Photographs and stories in the Dayton Daily News archive have chronicled prized pigs, elephant ears and canned beans through the decades.
In 1860, plowing exhibitions, harness races and cattle, sheep and poultry drew crowds to the fair. A single ticket cost 25 cents, a horse and rider could enter for 35 cents, and for a dollar a family could spend three days.
Harness racing has been a longtime highlight of the fair. A black-and-white photograph from 1950 captures a pack of pacers led by an automobile around the dusty dirt track and framed by National Cash Register buildings that no longer stand.
The Dayton Daily News took note of the high number of entries in the 1962 fair. “Livestock, poultry, grain, vegetable and fruit entries are running very heavy,” the newspaper reported. “Over 850 chickens and pigeons have been entered.”
Politics entered the frivolity of the fair in the midst of the Vietnam War in 1966. President Lyndon B. Johnson and his wife Lady Bird attended the exposition for a Labor Day rally.
Before making a speech, the president wrangled a trio of champion Herefords comparing them to Texas livestock.
“I think these are better, we don’t have so much good feed to give them,” he said.
Antioch College students held signs aloft urging the administration to “Please Stop the Killing” in Vietnam. Photographers captured sheriff’s deputies scuffling with demonstrators in front of the grandstand.
The fair has always lent itself to the quirky and capricious.
In fact, Bernard Wooley posed with a dahlia bloom as big as his head in 1976. Quacky the Clown — a master of twisting balloons into the shape of animals while dressed in yellow duck feet, long eyelashes and a top hat — was a hit with most kids.
As a long line of children formed for the free balloons, Quacky confided to a reporter: “My kids hate balloons. They were ‘carneys’ for a long time and I guess over the years they’ve seen one too many.”

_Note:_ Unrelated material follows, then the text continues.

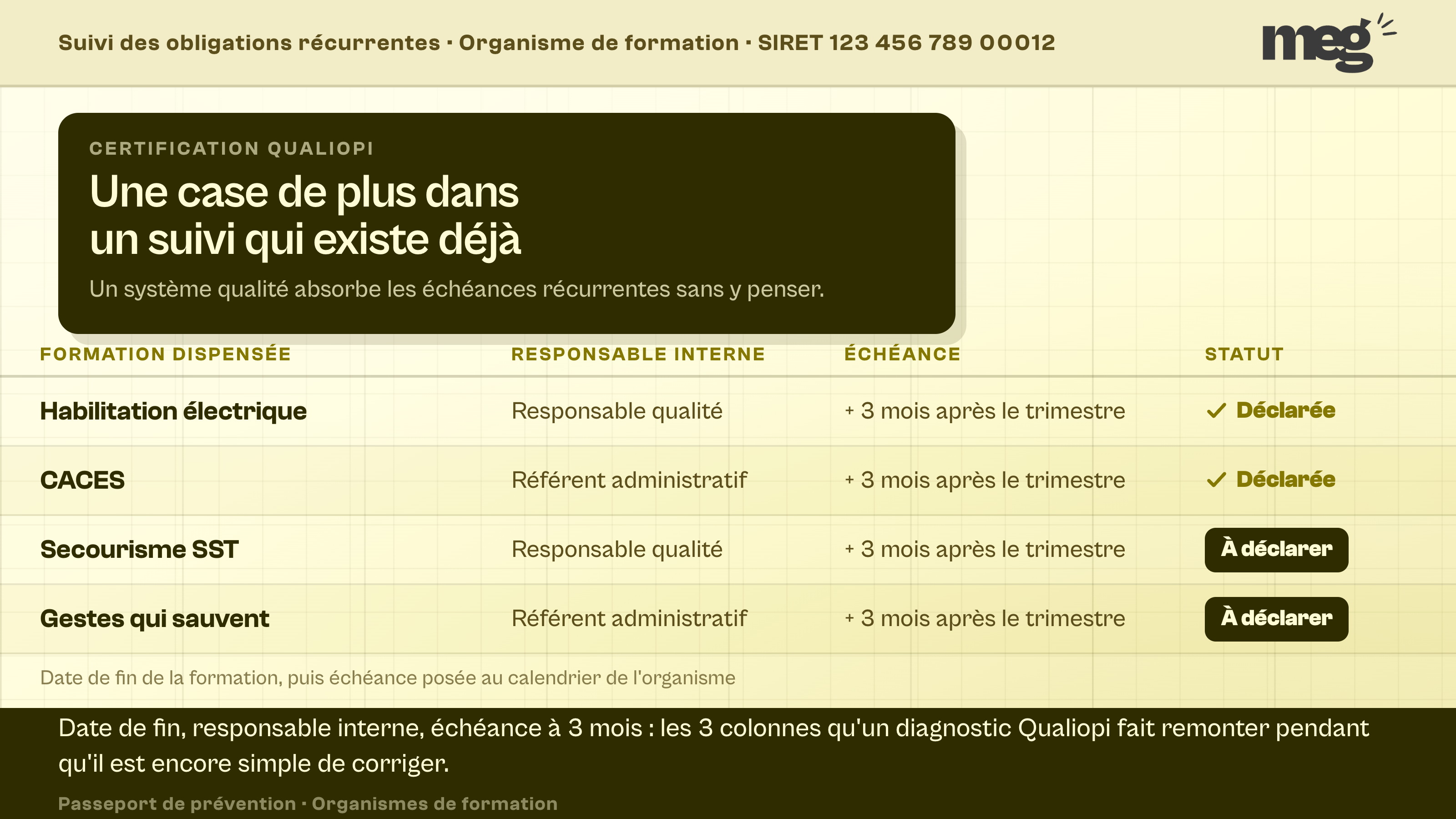 fac-similé plein cadre d'un tableau de suivi Qualiopi listant 4 formations santé-sécurité avec leur responsable interne, une échéance à 3 mois et un statut déclaré ou à déclarer.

A 1985 story featured Paul and Jean Grusenmeyer, their six children and multiple Guernsey cows who made a second home at the Montgomery County Fair for a quarter century.
“I feel like I grew up at the fair,” Sharon Grusenmeyer, one of the children, told a reporter, though she would not admit to having a favorite cow. “When you work with animals, you learn not to get too attached because, someday, they’re gonna have to go.”
No matter the decade, a little skill and a lot of luck have been needed to win a stuffed animal on the midway and thrill-seekers have clamored for paper tickets that admit one on the Tilt-A-Whirl.
In 2018, the fair began a new tradition at its new home, the 150-acre Judge Arthur O. Fisher Park in Jefferson Twp.